The dementia based sibling arguments are often the hardest part. And luckily, this is one problem that my family hasn't encountered. But for those where this does happen, none of this makes anyone a bad person. People cope in different ways. Some people handle crises by being practical. Others shut down. Others stay silent because they don’t know what to say and silence feels safer than saying the wrong thing. Understanding that doesn’t make it any less frustrating when you’re the one carrying the majority of the weight. But it does help to know that the pulling apart isn’t always intentional.

Why Communication Breaks Down — And How to Fix It

With dementia, family communication is where it usually breaks down. And the communication problem in families dealing with dementia tends to follow a predictable pattern: people stop saying clearly what they need, which leads to misunderstanding, which leads to resentment, which leads to silence, which leads to everyone feeling unsupported and alone.

The shift I try to encourage is from “nobody helps” to “I feel overwhelmed when I’m managing appointments alone because I’m scared of missing something.” Those two sentences say a version of the same thing, but one closes the door and one opens it. Ambiguity is the cause of most arguments in families under pressure. The clearer you can be about what you actually need — specific, concrete requests rather than general expressions of frustration — the more likely you are to get it.

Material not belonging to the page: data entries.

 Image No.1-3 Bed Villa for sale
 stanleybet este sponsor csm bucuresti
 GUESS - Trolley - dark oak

When it comes to sharing dementia caring responsibilities, there’s also a lot of invisible work that goes unnoticed. The appointments nobody sees being made. The medication being managed quietly in the background. If you’re carrying that kind of hidden load, it’s worth asking yourself: what could I actually hand to someone else? Not everything, but something. One specific task. One appointment. One phone call.

Keeping the Relationship Alive Underneath the Caring

Underneath all of the practicalities, though, there’s the harder question of connection. What keeps you tied to the person you love — not as their carer, but as their son, their daughter, their partner? When caring becomes a list of tasks, it’s easy to lose the relationship that sits underneath it all.

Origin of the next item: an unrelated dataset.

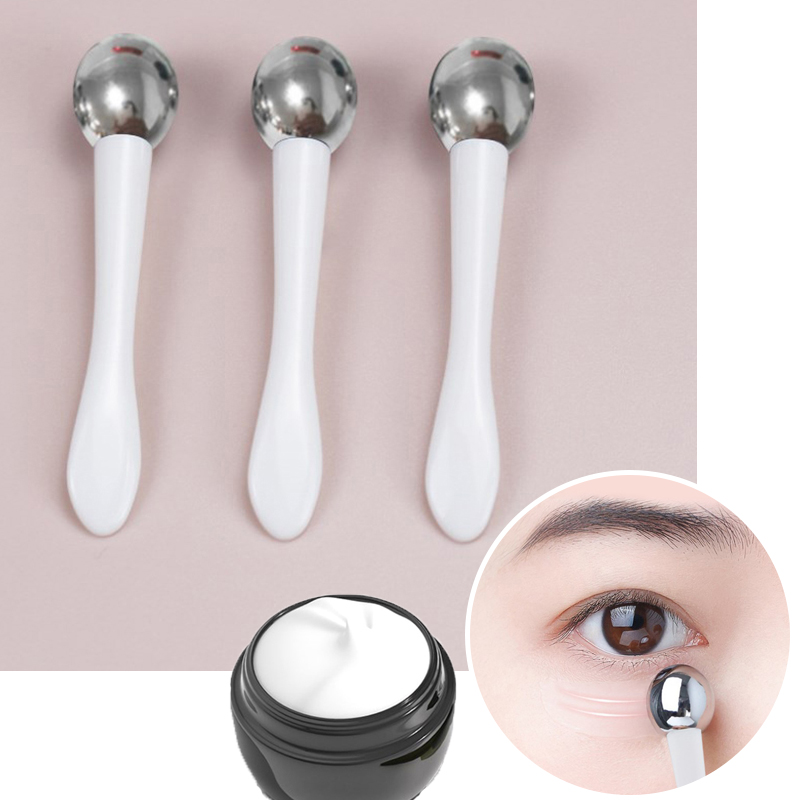 Night Cream - 1pc wałek do oczu kijek do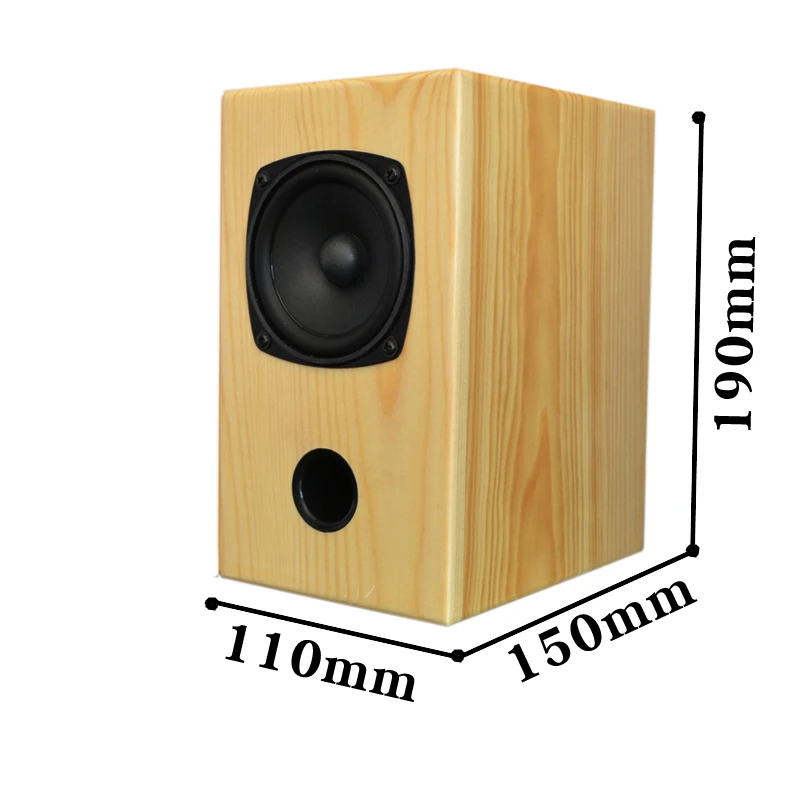 HIFIDIY LIVE 3 дюйма USB беспроводной bluetooth HIFI2.0 динамик звуковая коробка для дома/офиса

I know this from my own experience. I speak to my dad a lot, but I’m still working on making sure my visits to Mum are regular and intentional, not just reactive. That’s something I’m getting better at. I think moving my office into my parents house has complicated matters slightly, while I'm visiting more often, it tends to be to work and not just to see mum. So scheduling regular evening visits is something I'm trying to do.

The small things are what keep it alive. A shared cup of coffee. A familiar song. A moment where it’s just the two of you and the role falls away for a minute. Those rituals anchor the relationship even as everything else changes. Now I’m working from my parents’ house we take my dog for a walk every lunchtime — that’s a moment that’s just for us. And it’s quickly become a routine my mum looks forward to every day.

Understanding how dementia changes family relationships is the first step to navigating it. Families change when dementia becomes part of life. That’s not a failure. It’s not a reflection of how much you love each other. It’s a natural, human response to an incredibly difficult situation.

You’re not just co-carers. You’re still family.